On comprend donc facilement les influences multiples et variées. Mais comment imaginer que la pop des Who ou le rock des Velvet (au hasard) puissent avoir une incidence sur les résultats de boîtes à rythmes et des générateurs de basses acides ? « Avant, pendant et après la techno, j’ai toujours écouté beaucoup de styles de musique : pop, jazz, d’autres musiques électroniques, krautrock, musique classique, variété et musique traditionnelle allemande. Tous ces genres ont influencé ma musique d’une certaine façon. » Et d’ajouter avec toute son assurance : « je suis redoutable pour combiner et fusionner la techno avec ces styles sous autant de noms de projets distincts. Mike Ink n’était que l’un d’entre eux. »

mike ink _5Mike Ink – DR

Lorsqu’on lui demande si à l’époque il s’inspire de travaux similaires d’autres producteurs, il répondra par un flamboyant « je me décrirais juste comme… un système autonome » et ça nous aurait presque fait un titre si on n’en avait pas trouvé un encore mieux. Comme il l’a déjà rappelé, Voigt n’est pas DJ ; il n’est donc pas dans ses besoins créatifs et professionnels d’aller ‘digger’ tout ce qu’il peut. Et puis, il reste encore 15 ans avant le lancement de YouTube aux débuts de Mike Ink. « Je ne compare jamais ma musique avec celle des autres… Ce qui ne veux pas dire que je pense qu’elle est meilleure. »

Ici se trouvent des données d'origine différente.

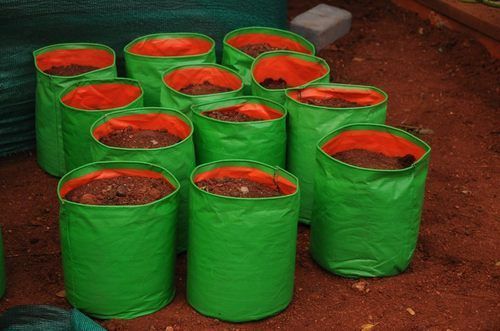 Hdpe Plant Bag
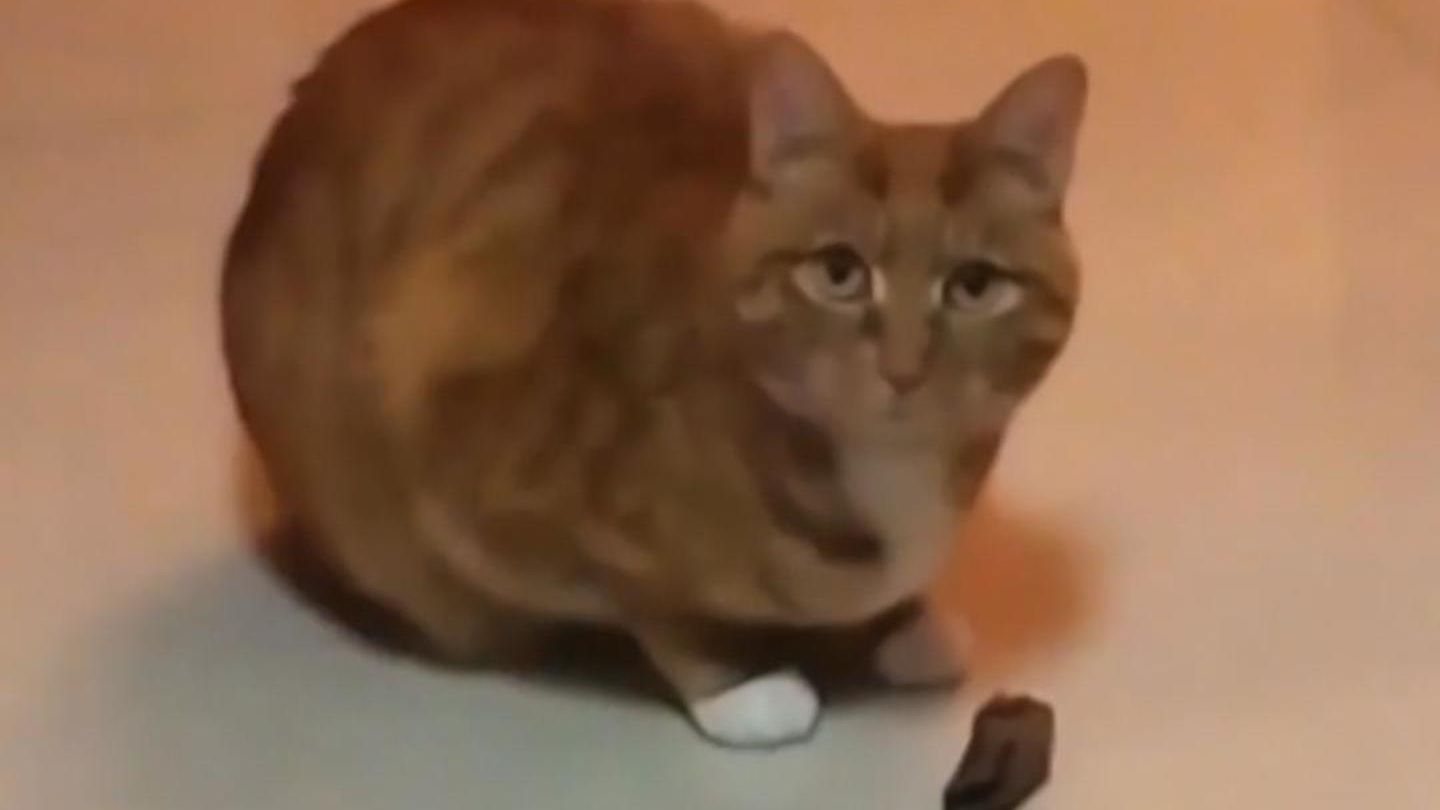 小猫每天都像开盲盒一样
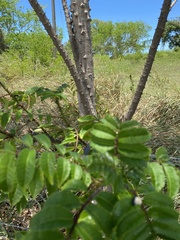 Zanthoxylum caribaeum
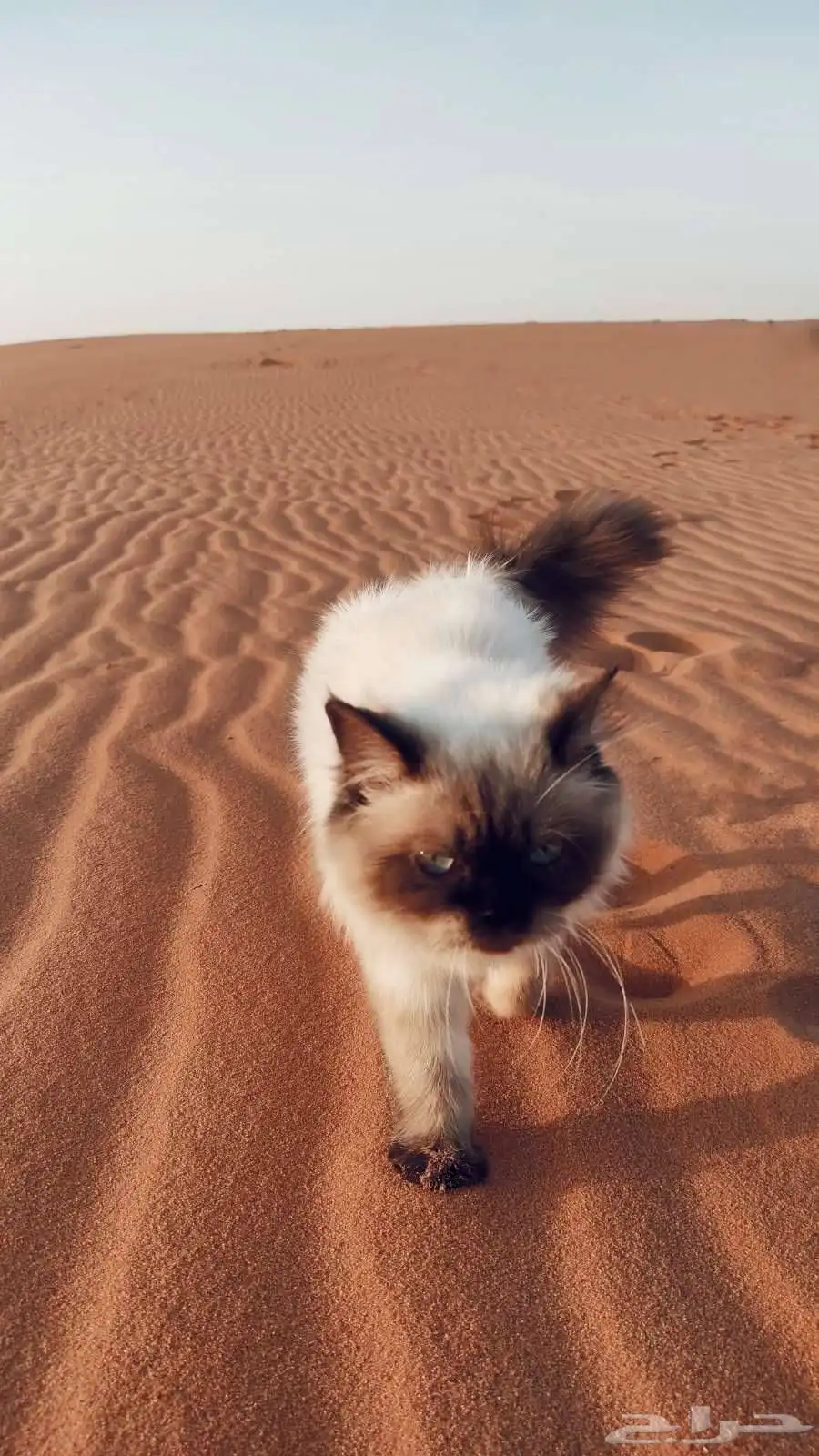 قط هملايا للتبني 1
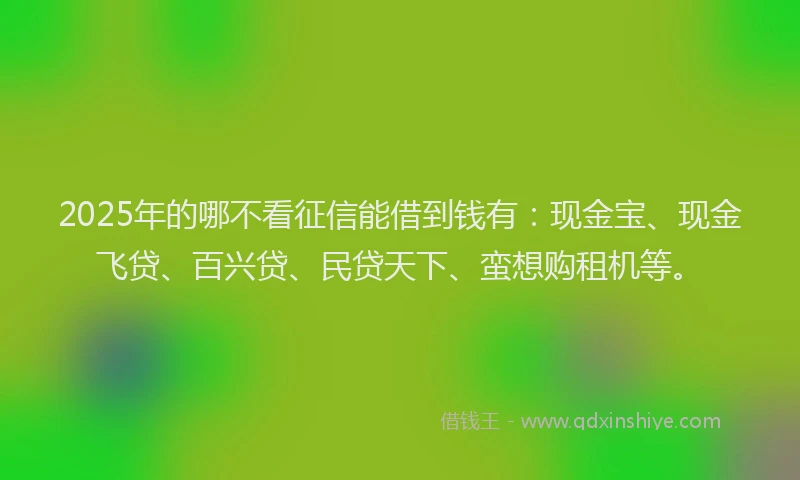 2025年的哪不看征信能借到钱有：现金宝、现金飞贷、百兴贷、民贷天下、蛮想购租机等。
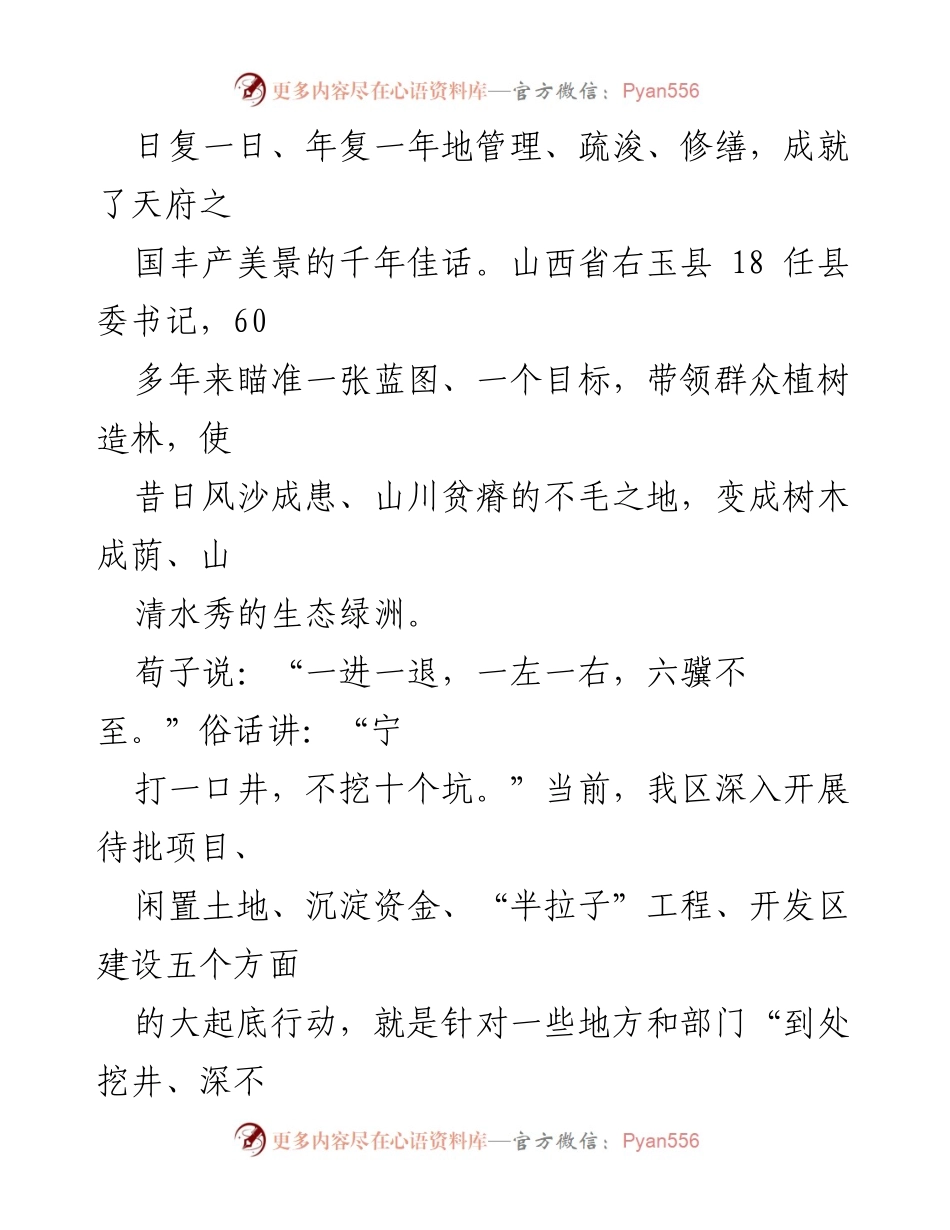 [工作总结] 政策执行 - “一张蓝图绘到底”与大起底行动的实施总结.docx_第2页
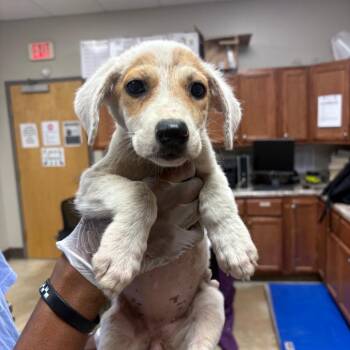 Porsha - 083105U -  Labrador Retriever and Mixed Breed Dog for Adoption in Tupelo, Mississippi - Porsha - 083105U | PetCurious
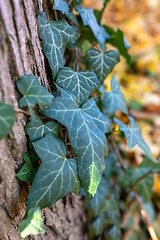 Image showing Autumn leaves with shallow focus background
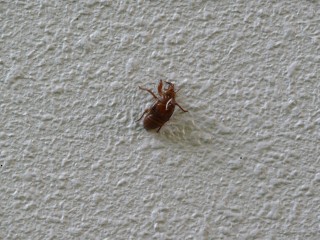 Cicada
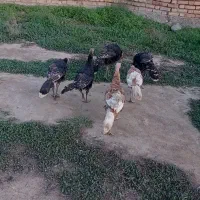 بوقلمون برنزه و بوربون|حیوانات مزرعه|گرگان, |دیوار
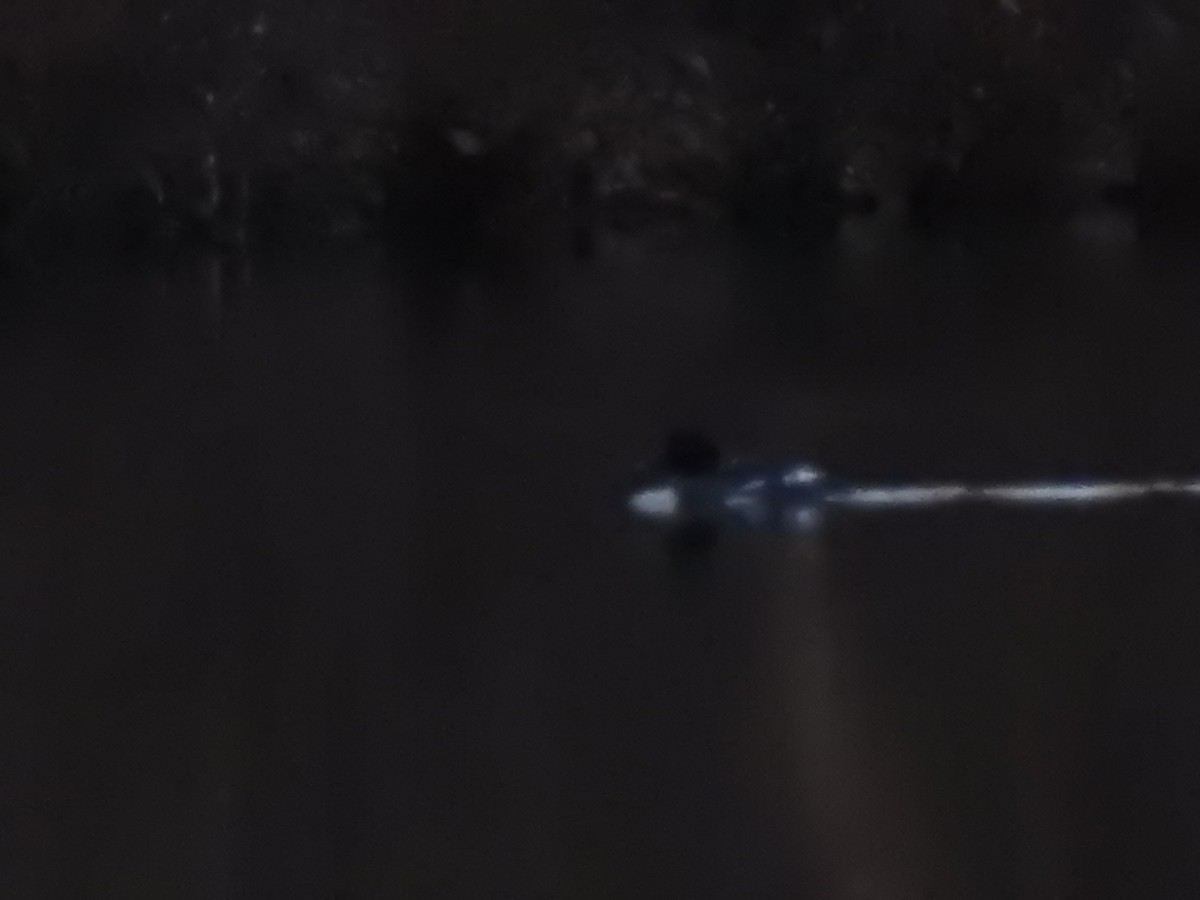 Common Goldeneye - ML168426331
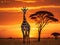 A giraffe against a vibrant orange sky on the African plains at dusk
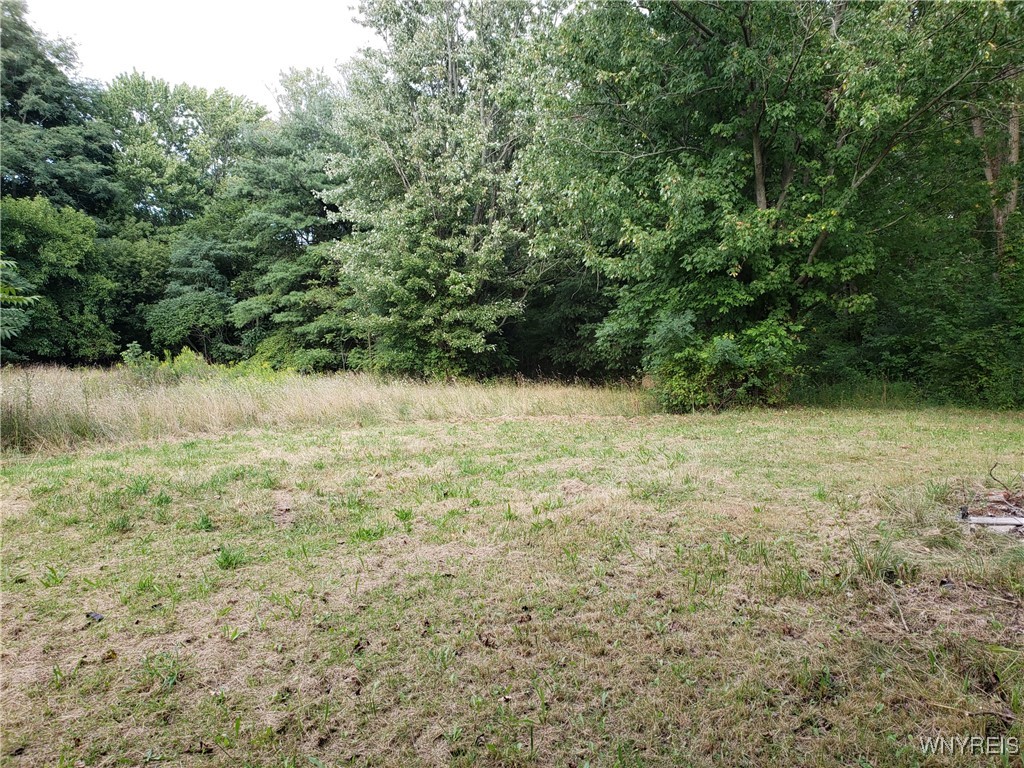 Hartland, New York 14105, United States, 4 Bedrooms Bedrooms, ,2 BathroomsBathrooms,Residential,Active,199414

La minimal techno a donc été le point de départ de tout ce que vous entendrez au Berghain, au Rex ou à Fabric ce week-end après une heure de queue en moyenne. D’une musique radicale et ultra-rapide, elle a donné la recette parfaite de suffisamment de rythme pour se défouler et suffisamment d’espace entre les kicks pour se perdre profondément et surement dans la chaleur de la basse. « La minimal techno d’aujourd’hui est la meilleure de toutes les dance music sans paroles au monde, s’exclame-t-il. Elle a stagné, fonctionne de cette façon depuis 15 ans maintenant et il semble que ça continuera jusqu’à ce que la dernière grosse caisse aura claqué la porte. »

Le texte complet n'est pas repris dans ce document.